What you have to do: The answer is the full listing below, copied exactly, with its pictures omitted.

Data below:
<<<<

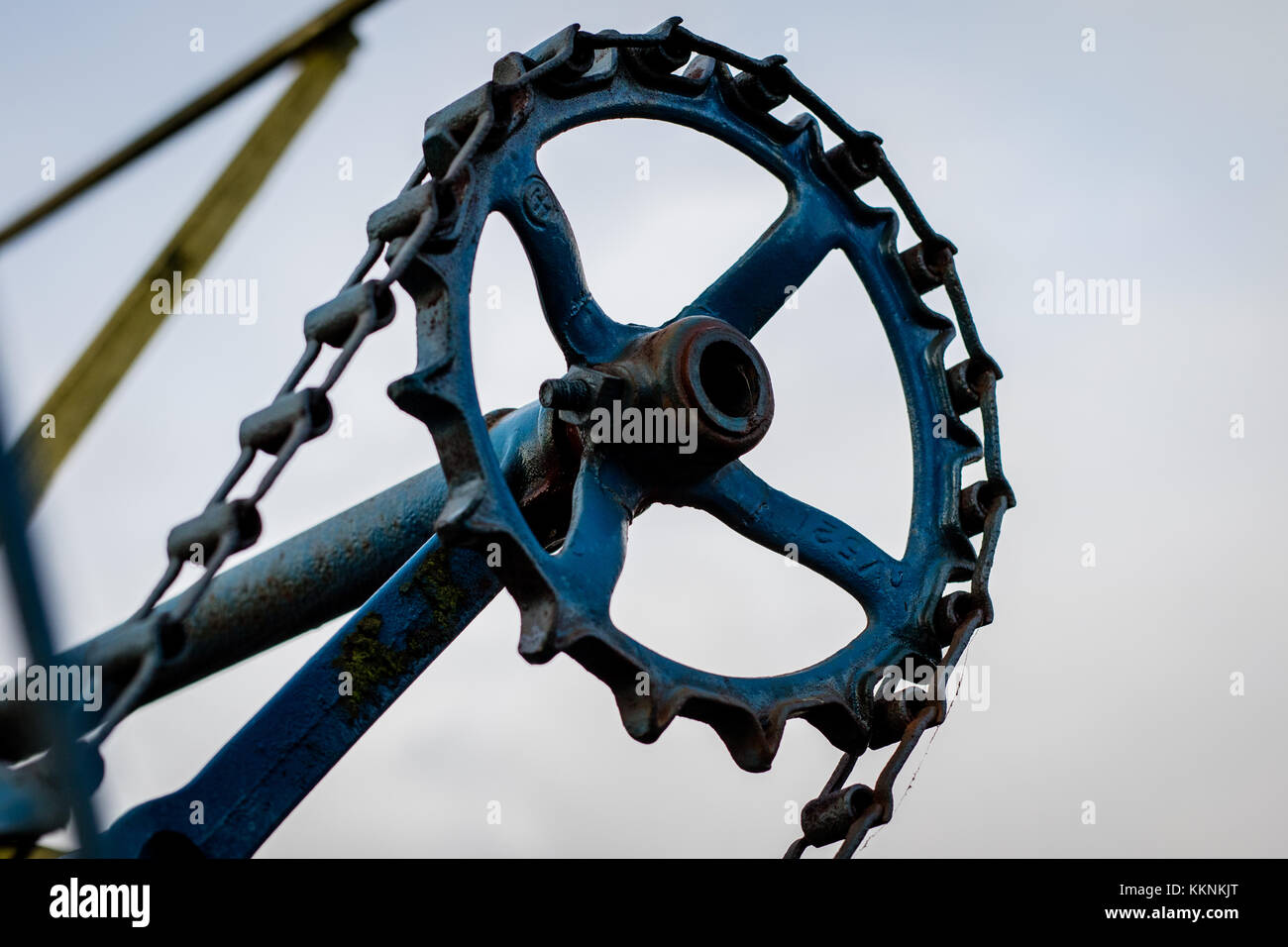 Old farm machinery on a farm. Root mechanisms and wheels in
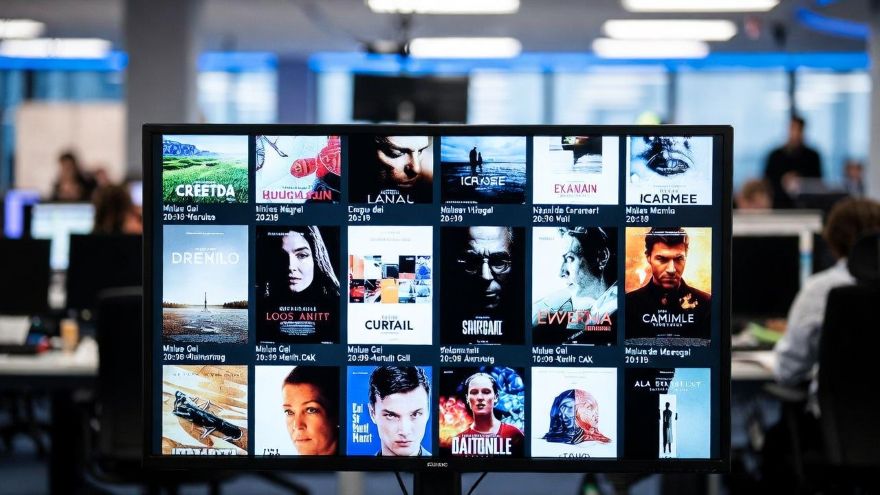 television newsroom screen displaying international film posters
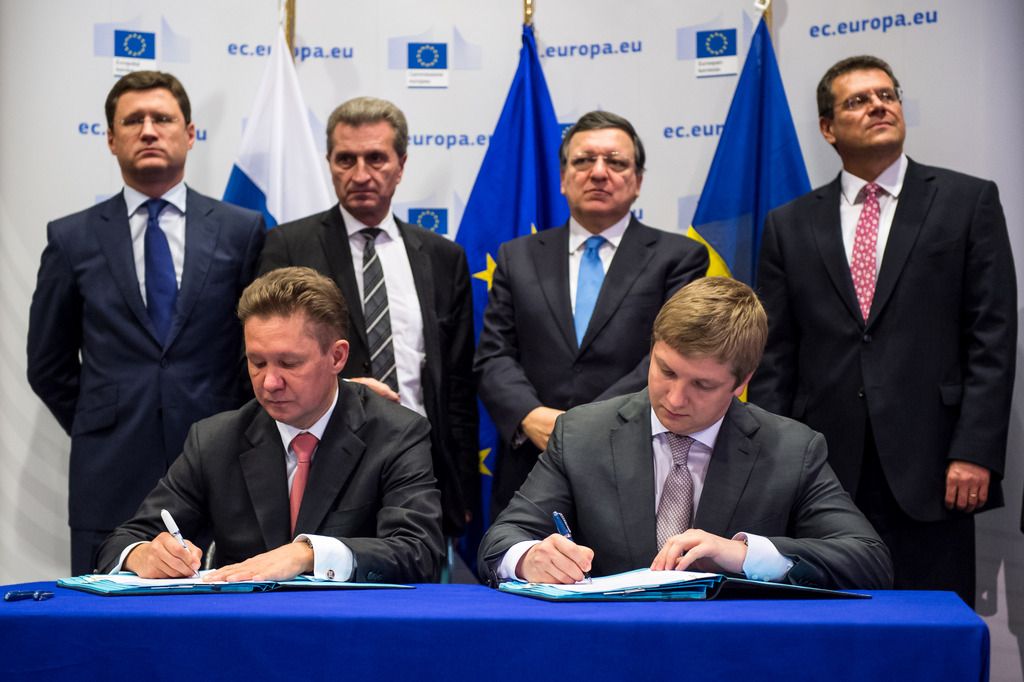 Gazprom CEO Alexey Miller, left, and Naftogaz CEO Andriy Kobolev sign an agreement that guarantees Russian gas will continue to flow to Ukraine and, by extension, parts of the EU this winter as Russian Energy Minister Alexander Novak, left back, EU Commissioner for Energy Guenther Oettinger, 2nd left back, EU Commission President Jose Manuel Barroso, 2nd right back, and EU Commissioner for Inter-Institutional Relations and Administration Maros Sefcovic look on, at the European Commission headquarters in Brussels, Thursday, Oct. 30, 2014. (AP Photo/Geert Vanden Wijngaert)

>>>>

Task output:
 Old farm machinery on a farm. Root mechanisms and wheels in
 television newsroom screen displaying international film posters
 Gazprom CEO Alexey Miller, left, and Naftogaz CEO Andriy Kobolev sign an agreement that guarantees Russian gas will continue to flow to Ukraine and, by extension, parts of the EU this winter as Russian Energy Minister Alexander Novak, left back, EU Commissioner for Energy Guenther Oettinger, 2nd left back, EU Commission President Jose Manuel Barroso, 2nd right back, and EU Commissioner for Inter-Institutional Relations and Administration Maros Sefcovic look on, at the European Commission headquarters in Brussels, Thursday, Oct. 30, 2014. (AP Photo/Geert Vanden Wijngaert)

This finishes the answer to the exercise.